The Law Center and a group of non-profit organizations concerned with low-income housing and tenants filed an amicus (friend of the court) brief in support of an appeal to petition for a rehearing and seeks a reversal of a District Court judgment involving housing for tenants with enhanced vouchers. At stake are the rights of low-income people nationwide who hold enhanced vouchers to remain in their homes absent good cause to terminate them.
The District Court’s majority opinion, according to the brief, erroneously conflated three distinct federal housing programs: HUD subsidized mortgage insurance and Section 8 project-based programs; the regular tenant-based voucher program; and the enhanced voucher program. HUD subsidized mortgage insurance and Section 8 programs, enacted in 1974 to support construction of affordable housing, were intended to provide stability for both low-income tenants and neighborhoods by requiring longer-term commitments and good cause eviction protection. The regular Voucher program helps tenants rent units on the private market (generally for properties built without a public subsidy) by providing financial assistance. Enhanced Vouchers were made available to tenants who live in homes funded by project-based assistance, but whose owner terminated his or her participation in the program.
Between 1997 and 1999, Congress passed legislation to ensure that low-income tenants who use vouchers “were protected from eviction absent good cause.” The brief argues that the majority opinion applied a Congressional amendment based on the regular voucher program to an enhanced voucher case, and therefore failed to “support the position that an owner must honor the tenants’ right to remain and continue to renew the lease of an Enhanced Voucher tenant, absent good cause to terminate the tenancy.”
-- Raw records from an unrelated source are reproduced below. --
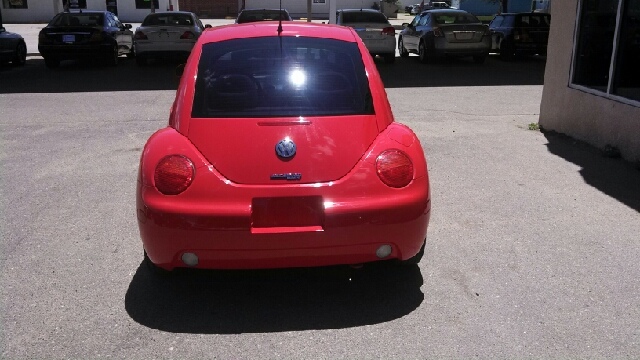 1998 Volkswagen New Beetle Base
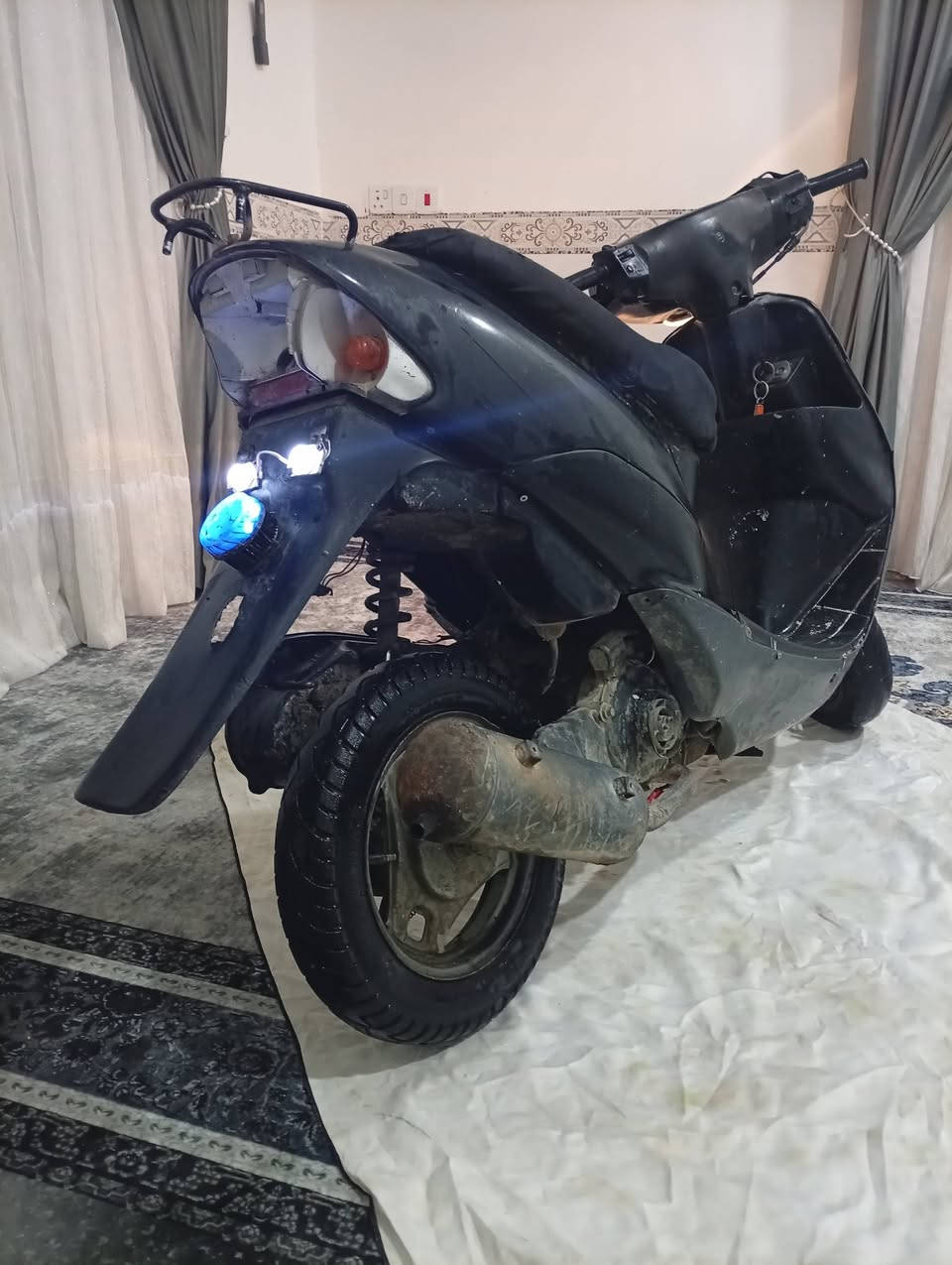 دراجه ساسوكي للبيع او مراوس بايرانيه وانطي فرق دراجه كامله هندر وسلف لايت ورماشات كامله السعر 200وبيه مجال للشرايه الرقم ‏‪0778 384 3397‬‏ موجود خاص او تخابرني
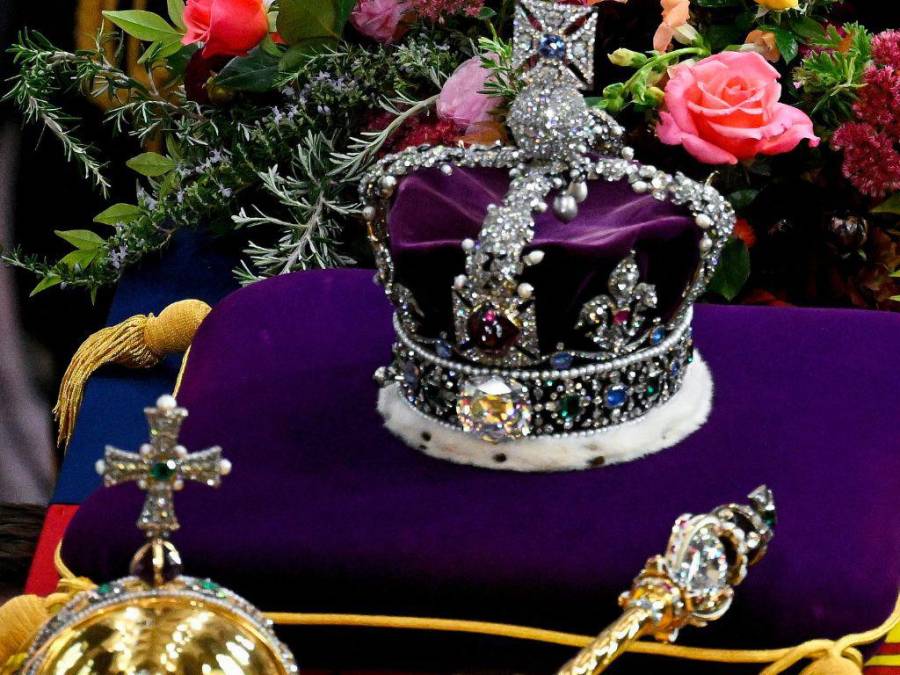 ¿Qué símbolos adornaron el féretro de la reina Isabel II? (FOTOS)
The impact of the Third Circuit District Court’s decision, according to the brief, is that “families will become poorer, and neighborhoods will grow more segregated.” Seeking housing in a private market via vouchers is fraught with tenants facing discrimination based on “race, familial status, disability, and/or other protected class status.” When vouchers aren’t accepted and a tenant is unable to use them, they may have to forgo a subsidy of up to 40 of their income. In addition, having to move may mean finding a different home in a different neighborhood altogether.